I warn you that great penances are also compatible with great falls, which are brought about by pride. On the other hand, if you continually wish to please God in the little battles that go on inside you — a smile, for example, when you don't feel like smiling; and I assure you that a smile is sometimes more difficult than an hour's worth of cilice — then there is little room left for pride, or for the ridiculous notion of thinking we are great heroes. Instead, we will see ourselves as a little child, who is hardly able to offer even the merest trifles to his father, but who then sees them received most joyfully.
So, does a Christian have to be mortified always? Yes, but for love. (…) Perhaps up to this moment we had not felt urged to follow so closely in the footsteps of Christ. Perhaps we did not realise that we could unite our little renunciations to his redeeming sacrifice: to make up for our own sins, for the sins of men of all ages, and for the evil work of Lucifer who continues to oppose God with his non serviam! (I will not serve) How can we dare to cry out without hypocrisy, 'Lord, I am hurt by the offences that wound your most loving Heart,' if we don't make up our minds to deprive ourselves of this or that triviality, or to offer up some small sacrifice in praise of his Love? Penance, genuine reparation, sets us on the path of self‑giving, of charity. We give ourselves to make reparation, and we live charity to help others, as Christ has helped us.

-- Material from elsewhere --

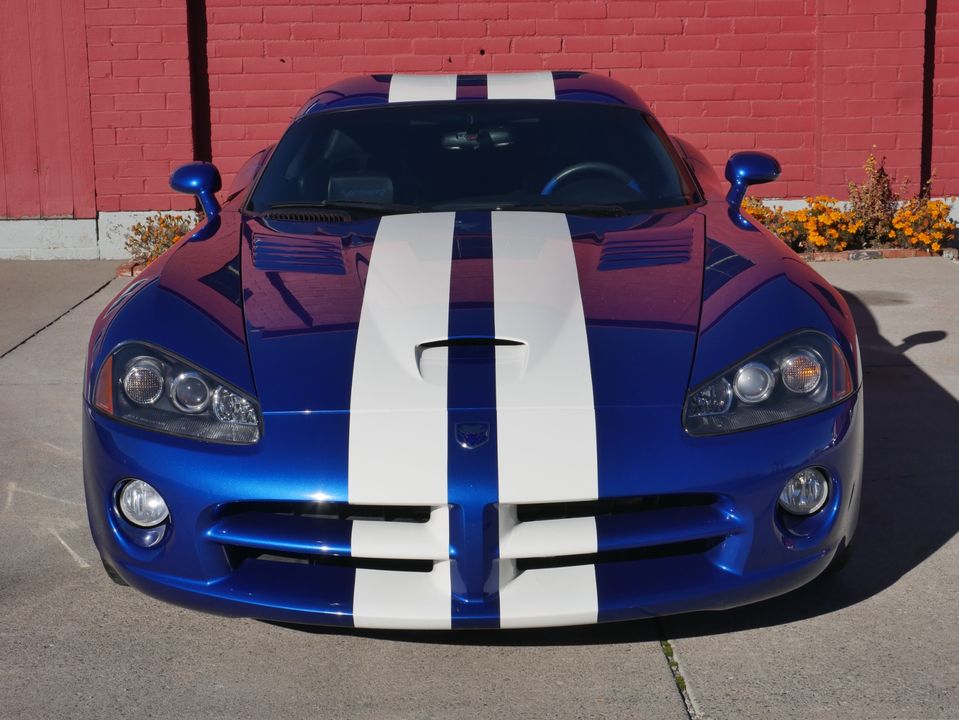 2006 Dodge Viper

From now on, be in a hurry to fall in love. Love itself will prevent us from complaining and protesting. For we put up with setbacks often enough, but then we feel sorry for ourselves, so that not only do we waste God's grace, but we also tie his hands and make it harder for him to ask us for things in the future: Hilarem enim datorem diligit Deus. God loves the cheerful giver, the person who gives with the spontaneity of a loving heart, without all the fuss and bother of one who gives himself as if he were doing God a favour. (Friends of God, 139-140)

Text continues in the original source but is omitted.